Wissenschaftlich korrekt ist seine Antwort auf die oft gestellte Frage, ob das Wienerische vom Aussterben bedroht sei. Der Germanist rät zu einem differenzierten Befund: Während im Bereich der Grammatik und der Phonetik vieles verlorengeht, … entwickelt sich der Wortschatz, also die Lexik, munter weiter. … Der Sprachwandel ist nicht aufzuhalten. … Solange eine Sprache neue Wörter entwickelt, ist sie keine tote Sprache. Dies gilt auch für den Wiener Dialekt, wobei die große Zahl der Wortschöpfungen überrascht. … Triebkräfte sind Sprachökonomie, Innovation, Variation und Beeinflussung durch gesellschaftliche Kräfte.

Volkskundler meinen, dass sich das Fach (früher) erst dann für Erscheinungen zu interessieren begann, wenn diese zu verschwinden drohten. Die Forscher waren dann so etwas wie Totenvögel, die das nahende Ende ankündigten. Sie wollten dokumentieren, was ihnen wertvoll schien, damit es nicht verloren gehe. Andererseits begann genau dann im 19. Jahrhundert der Folklorismus, z. B. bei Trachten, Bräuchen oder Liedern. Bei der Sprache dürfte es ähnlich sein. Das erste von Sedlaczek zitierte Mundartwörterbuch (Idioticon Austriacum) erschien in den 1820er Jahren. Sein Verfasser, Ignaz von Sonnleithner (1770-1831) der Onkel von Franz Grillparzer, war Jurist, Fachschriftsteller und Gründungsmitglied der Gesellschaft der Musikfreunde. Ein Zeitgenosse nannte ihn einen berühmten Wiener Witzbold. Ein weiterer Pionier war der Schriftsteller Ignaz Franz Castelli (1781-1862). Mit seinen Zeitungsartikeln trug er zur Vermittlung eines spezifischen Wien-Bildes bei und gab den Anstoß zur österreichischen Dialektpoesie. Castelli, der auch Pornographisches verfasste, gründete die literarische Gesellschaft "Ludlamshöhle" und den Wiener Tierschutzverein. Unter den jüngeren Autoren sind besonders der Kabarettist und Jurist Peter Wehle (1914-1986), der Schriftsteller Wolfgang Teuschl (1943-1999), der Soziologe Roland Girtler (* 1941) und die Germanistin Maria Hornung (1920-2010) bekannt. Die Universitätsprofessorin, bei der auch Sedlaczek studierte, forschte im ältesten bairisch-österreichischen Sprachinselgebiet in Oberitalien sowie in Osttirol.
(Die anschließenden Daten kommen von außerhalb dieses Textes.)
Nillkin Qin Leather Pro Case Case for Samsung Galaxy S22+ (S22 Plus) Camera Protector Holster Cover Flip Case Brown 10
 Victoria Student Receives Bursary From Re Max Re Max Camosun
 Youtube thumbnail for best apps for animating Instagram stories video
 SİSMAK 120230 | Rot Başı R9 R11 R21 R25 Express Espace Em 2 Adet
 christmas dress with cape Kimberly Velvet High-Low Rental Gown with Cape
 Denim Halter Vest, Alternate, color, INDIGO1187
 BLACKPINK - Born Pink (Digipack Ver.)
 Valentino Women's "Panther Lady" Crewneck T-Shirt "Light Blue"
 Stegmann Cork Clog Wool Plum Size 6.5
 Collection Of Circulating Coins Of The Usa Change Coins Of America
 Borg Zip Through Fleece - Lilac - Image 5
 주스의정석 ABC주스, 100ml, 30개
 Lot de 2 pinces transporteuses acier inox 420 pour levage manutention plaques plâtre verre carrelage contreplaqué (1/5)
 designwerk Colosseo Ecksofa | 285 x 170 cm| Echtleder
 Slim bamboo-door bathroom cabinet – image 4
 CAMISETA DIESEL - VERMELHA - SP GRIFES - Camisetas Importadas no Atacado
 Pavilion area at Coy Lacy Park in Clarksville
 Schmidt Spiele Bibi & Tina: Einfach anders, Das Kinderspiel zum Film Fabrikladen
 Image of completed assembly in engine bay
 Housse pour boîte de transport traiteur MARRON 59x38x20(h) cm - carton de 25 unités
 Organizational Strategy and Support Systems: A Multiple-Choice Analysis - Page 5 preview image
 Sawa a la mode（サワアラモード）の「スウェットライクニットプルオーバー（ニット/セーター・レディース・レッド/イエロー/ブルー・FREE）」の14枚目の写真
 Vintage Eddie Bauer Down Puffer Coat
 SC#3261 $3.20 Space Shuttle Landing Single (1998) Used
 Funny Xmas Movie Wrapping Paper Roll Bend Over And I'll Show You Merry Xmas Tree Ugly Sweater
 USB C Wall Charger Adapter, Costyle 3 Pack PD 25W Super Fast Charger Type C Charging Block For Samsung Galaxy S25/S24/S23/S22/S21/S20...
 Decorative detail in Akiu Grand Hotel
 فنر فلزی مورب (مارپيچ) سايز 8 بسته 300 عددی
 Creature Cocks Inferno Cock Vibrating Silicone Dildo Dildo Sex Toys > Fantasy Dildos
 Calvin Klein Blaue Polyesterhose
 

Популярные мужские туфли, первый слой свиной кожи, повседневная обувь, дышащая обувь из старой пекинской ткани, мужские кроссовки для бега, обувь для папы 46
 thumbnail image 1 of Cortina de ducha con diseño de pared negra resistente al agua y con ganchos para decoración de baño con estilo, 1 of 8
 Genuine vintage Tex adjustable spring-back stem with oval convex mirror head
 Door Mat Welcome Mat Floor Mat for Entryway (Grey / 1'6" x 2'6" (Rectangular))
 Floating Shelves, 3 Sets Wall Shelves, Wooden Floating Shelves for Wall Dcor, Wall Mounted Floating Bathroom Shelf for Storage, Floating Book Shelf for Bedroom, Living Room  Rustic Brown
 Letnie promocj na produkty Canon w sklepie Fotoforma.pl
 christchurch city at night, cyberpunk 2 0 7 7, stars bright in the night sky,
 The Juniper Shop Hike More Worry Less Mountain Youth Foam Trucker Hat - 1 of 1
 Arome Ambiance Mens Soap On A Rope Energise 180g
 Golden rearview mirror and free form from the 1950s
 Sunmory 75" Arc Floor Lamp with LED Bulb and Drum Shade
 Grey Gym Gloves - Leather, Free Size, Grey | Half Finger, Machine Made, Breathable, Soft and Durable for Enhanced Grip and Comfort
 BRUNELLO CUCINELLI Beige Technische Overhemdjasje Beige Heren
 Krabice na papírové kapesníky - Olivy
Sie war Mitherausgeberin des Österreichischen Wörterbuchs, ihr Standardwerk über die Wiener Mundart erschien 1998.

Anhand seiner Biographie weist Robert Sedlaczek auf die emotionale Komponente der Mundart hin. Seine Vorfahren waren Kleinbauern und Handwerker, sein Vater Elektriker mit eigenem Geschäft, der Wienerisch sprach. Vielleicht hat mich all das motiviert, die Sprache der 'kleinen Leute' zu erforschen. Die Mutter, eine Buchhalterin, die aus Böhmen stammte, legte Wert auf die Schriftsprache. Eine ideale Mischung als Basis des neuen Jahrhundertwerks! Diese Sammlung hat den Anspruch, das kompletteste und gleichzeitig komfortabelste Gebrauchswörterbuch des Wienerischen zu sein, das bisher erschienen ist. … Obwohl ich das höchste wissenschaftliche Niveau angestrebt habe, galt mein besonderes Augenmerk der Benutzerfreundlichkeit, das Buch soll auch einem Laien Freude bereiten.' 'Robert Sedlaczek hat sein Ziel nicht nur erreicht, sondern bei weitem übertroffen. Profis und Laien werden sich darüber freuen.